Nous dédions une présence moyenne d’un peu plus de 6 heures par jour (sur 4 jours par semaine). L’on commence à obtenir une interactivité exploitable après environ une heure de connexion et des entretiens personnalisés avec un minimum de 2 à 3 heures de présence permanente sur le site. Les visiteurs journaliers sollicités sont au nombre de 17 en moyenne, (contre 9 au bureau ou d’autres activités se déroulent en parallèle).

Des entretiens qui durent en moyenne 20 minutes

La durée moyenne des entretiens est de 20 minutes. En sortie physique, les entretiens sont d’une durée moyenne de 10 minutes pour une large majorité, quant aux longs entretiens, (ceux qui débouchent sur un dépistage par exemple), ils représentent uniquement 15% des contacts sur le terrain.

Nos interventions conjuguent prévention, promotion de la santé, conseils, mais aussi une orientation et une prise en charge ciblée. Nos entretiens numériques, sont dans 80% des cas, issus de réponses à des questions ou sollicitations des usagers, la démarche est une preuve de leur reconnaissance, (nous ne sollicitons pas les gens en les abordant avec des questions) ce qui est régulièrement le cas sur le terrain.

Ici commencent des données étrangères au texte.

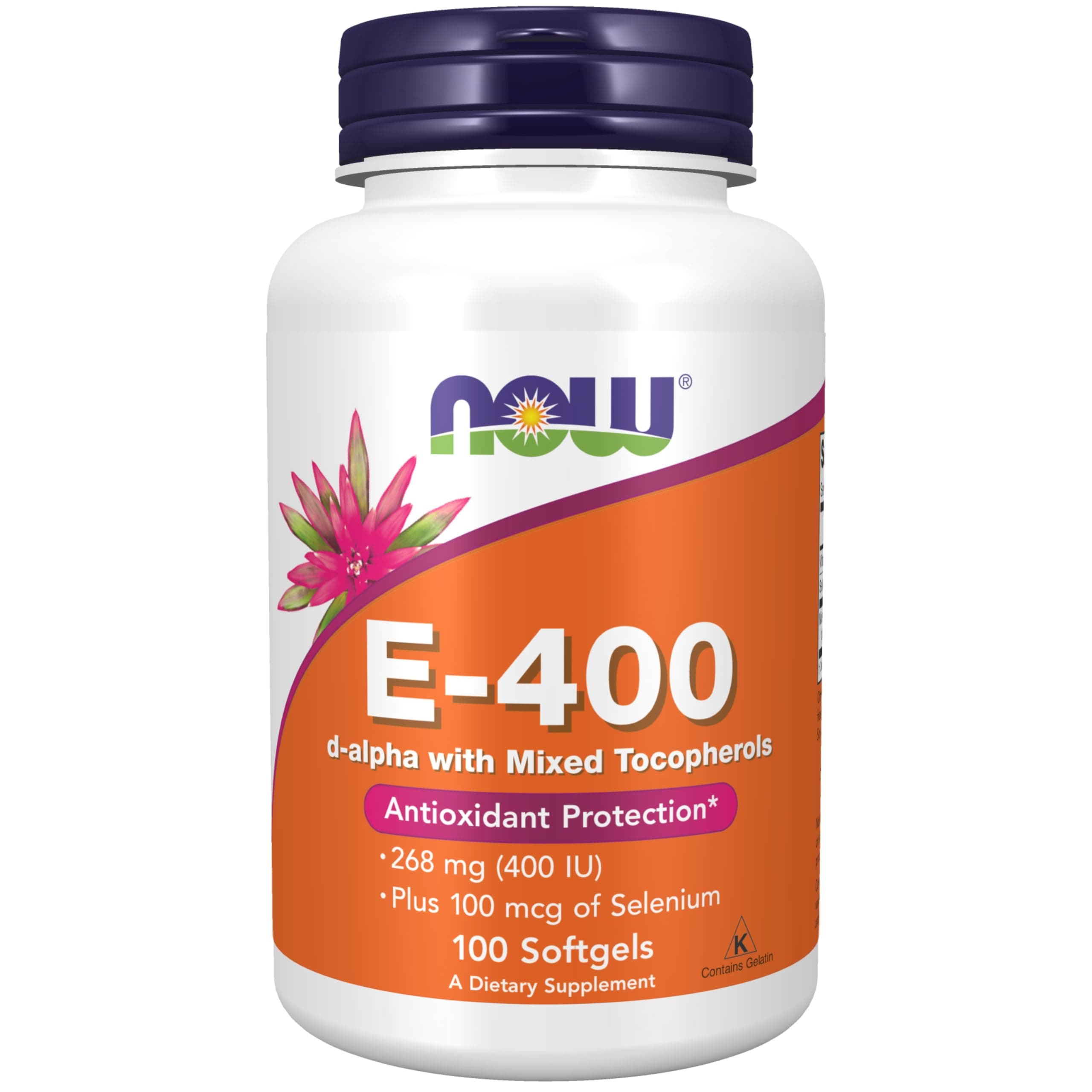 Now Foods Vitamin E-400iu with Mixed Tocopherols Plus 100mcg Selenium 100 Softgels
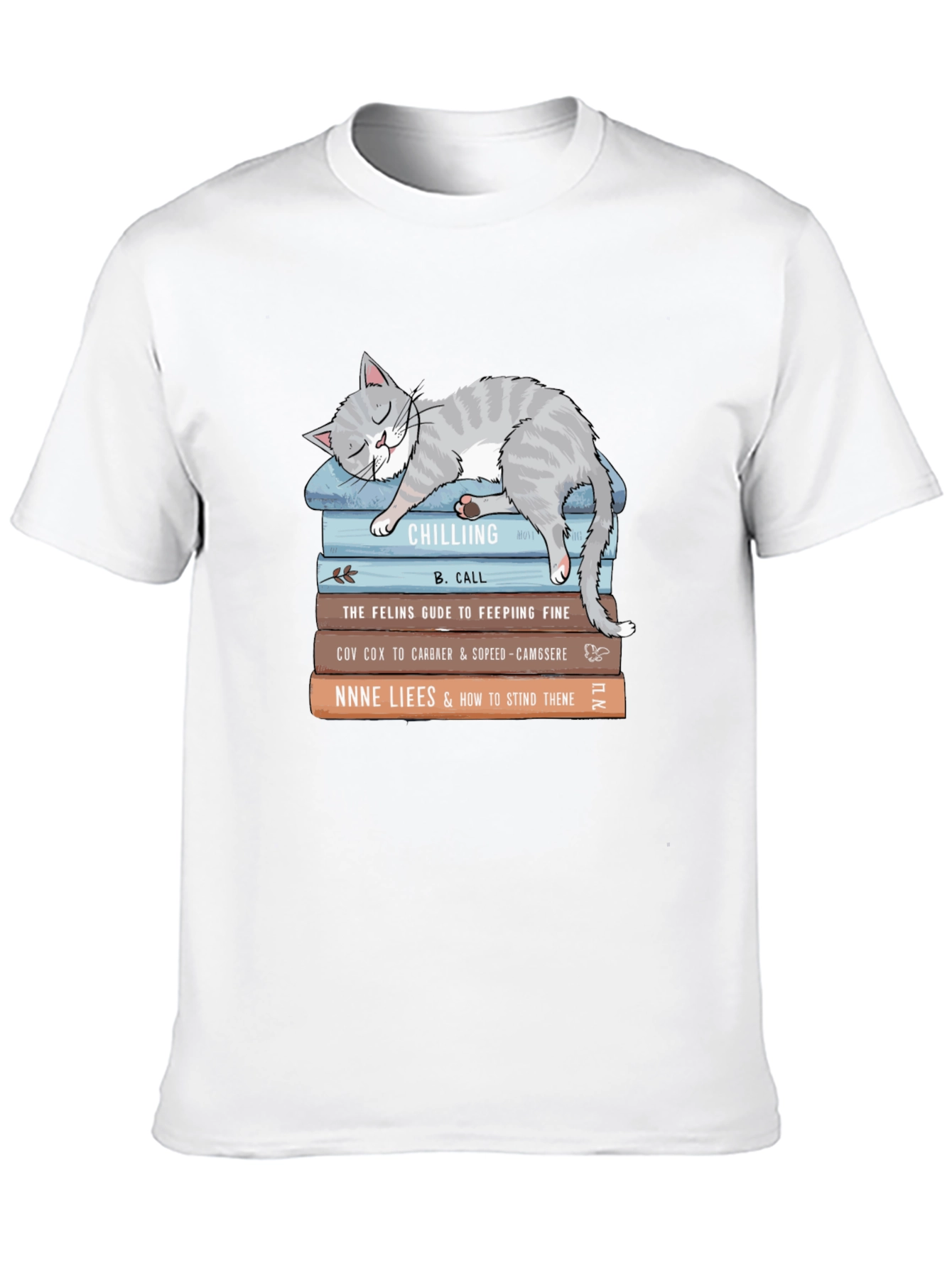 Cat Nap on Books T-Shirt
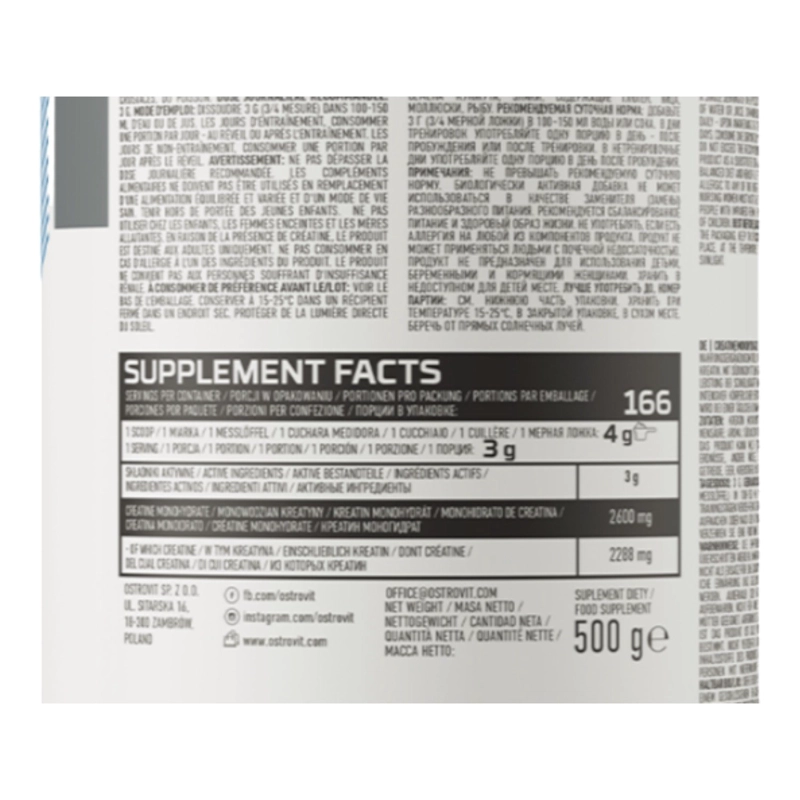 CREATINA OSTROVIT MONOHIDRATADA 500 GR - 2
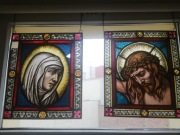Witraże XIX wiek, stary witraż, Chrystus, Matka Boska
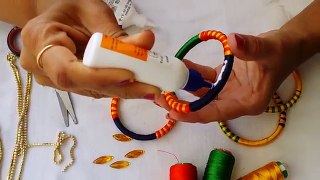 how to make Designer Silk Thread Bangle/Kada at Home | DIY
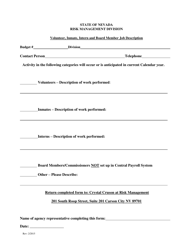 Document preview: Volunteer, Inmate, Intern and Board Member Job Description - Nevada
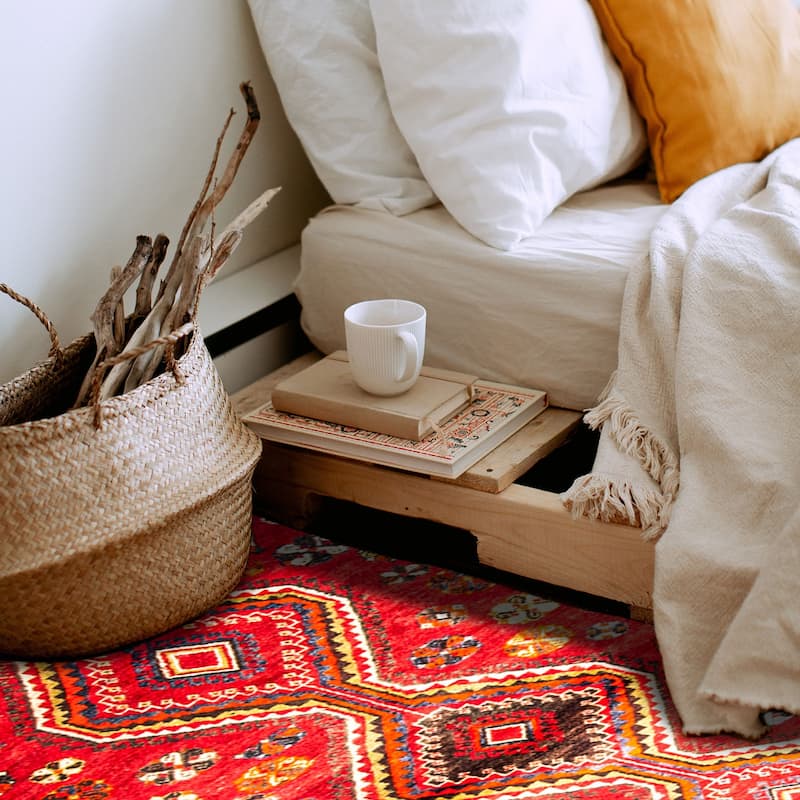 ECARPETGALLERY Hand-knotted Melis Vintage Red Wool Rug - 4'2 x 7'10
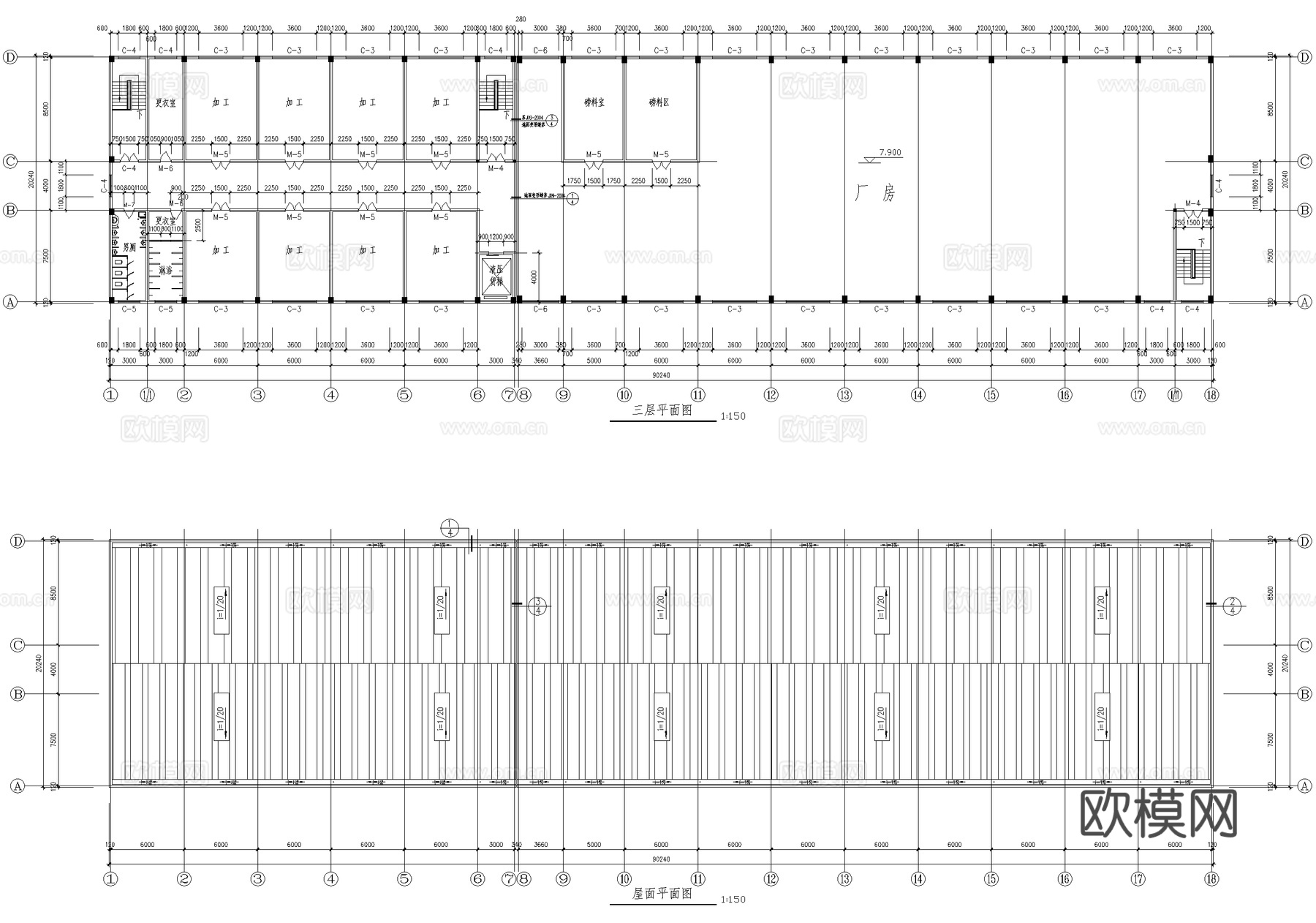 厂房 三层生产加工车间 工业建筑生产线cad施工图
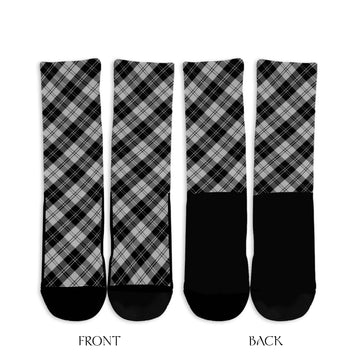 Erskine Black and White Tartan Crew Socks Cross Tartan Style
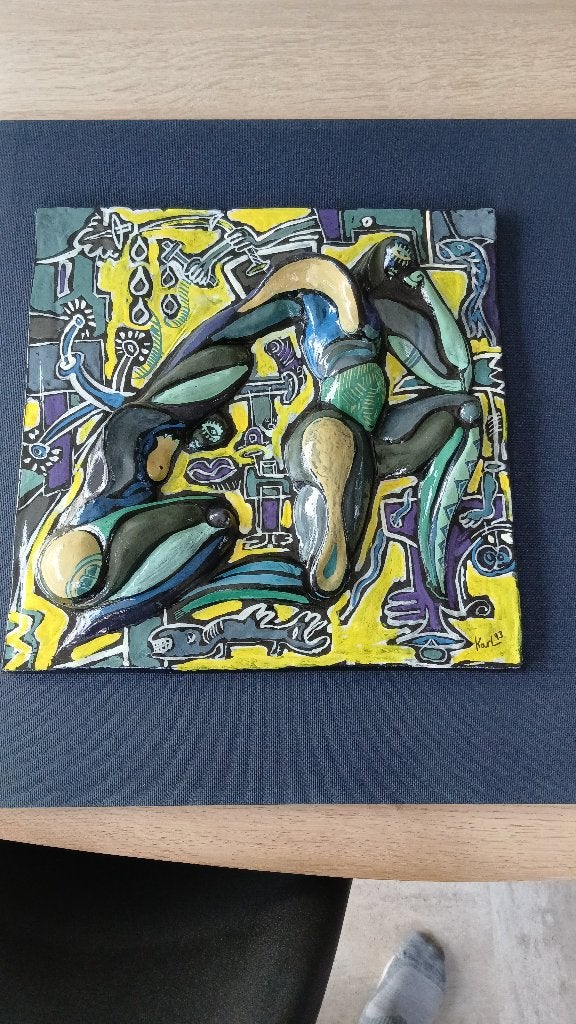 Keramische Relief plaat CoBrA stijl, Enlèvement ou Envoi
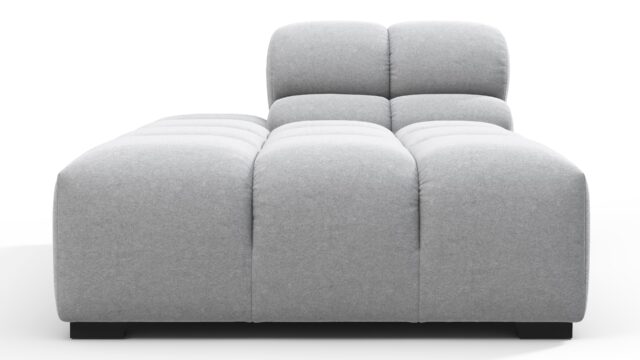 The Tufty – Light Gray Wool, Armless Chaise (Left)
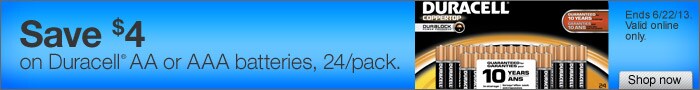 Save $4 on Duracell AA or AAA Batteries, 24/Pack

Quelques chiffres et statistiques

Parmi nos contacts, un tiers (31,7%) dit appliquer des règles SSR (Sexe Sans Risque), mais en même temps, un autre tiers (32,4%) ne se prononce pas sur le sujet, l’on peut estimer qu’ils ne sont, soit pas intéressés par le sujet soit ils n’ont pas de stratégie établie, mais ils communiquent avec nous. Ensuite, presque un quart utilise le préservatif et près de 8% « assument » le choix de négocier la « non protection ». Au final, 5,6% d’entre eux disent « être sous PrEP », ce qui est assez éloigné des 22% qui s’intéressent ou parlent du sujet dans nos conversations.

Assez logiquement, le profil portant le nom de Checkpoint Genève, les contacts les plus courants tournent autour des sujets relatifs au centre (la technique, comment se déroulent les tests, etc.), et tout de suite après le sujet qui ne laisse pas les membres de notre communauté indifférents : la PrEP, ce qui indique l’intérêt pour la recherche d’une stratégie de protection. Ensuite, le sujet « risques et pratiques » nous permettant d’informer et de corriger les fausses notions. Hormis le sujet d’actualité Sexe vs. Covid, la santé sexuelle, la sexologie et découverte, est aussi un sujet souvent abordé, et beaucoup auprès des plus jeunes. Concernant les symptômes, ils sont abordés soit par transmission d’information générique soit dans la prise de rendez-vous avec Checkpoint Genève.

Après 32 semaines de connexion, les chiffres sont les suivants : 2011 visiteurs, 1660 messages envoyés, pour 863 contacts qui génèrent 207 entretiens personnalisés. L’on peut remarquer des « contacts spontanés », au nombre de 119, qui débouchent sur 45 contacts et 32 entretiens personnalisés. L’on distingue aussi 67 « renvois » vers Checkpoint Genève et ses partenaires externes.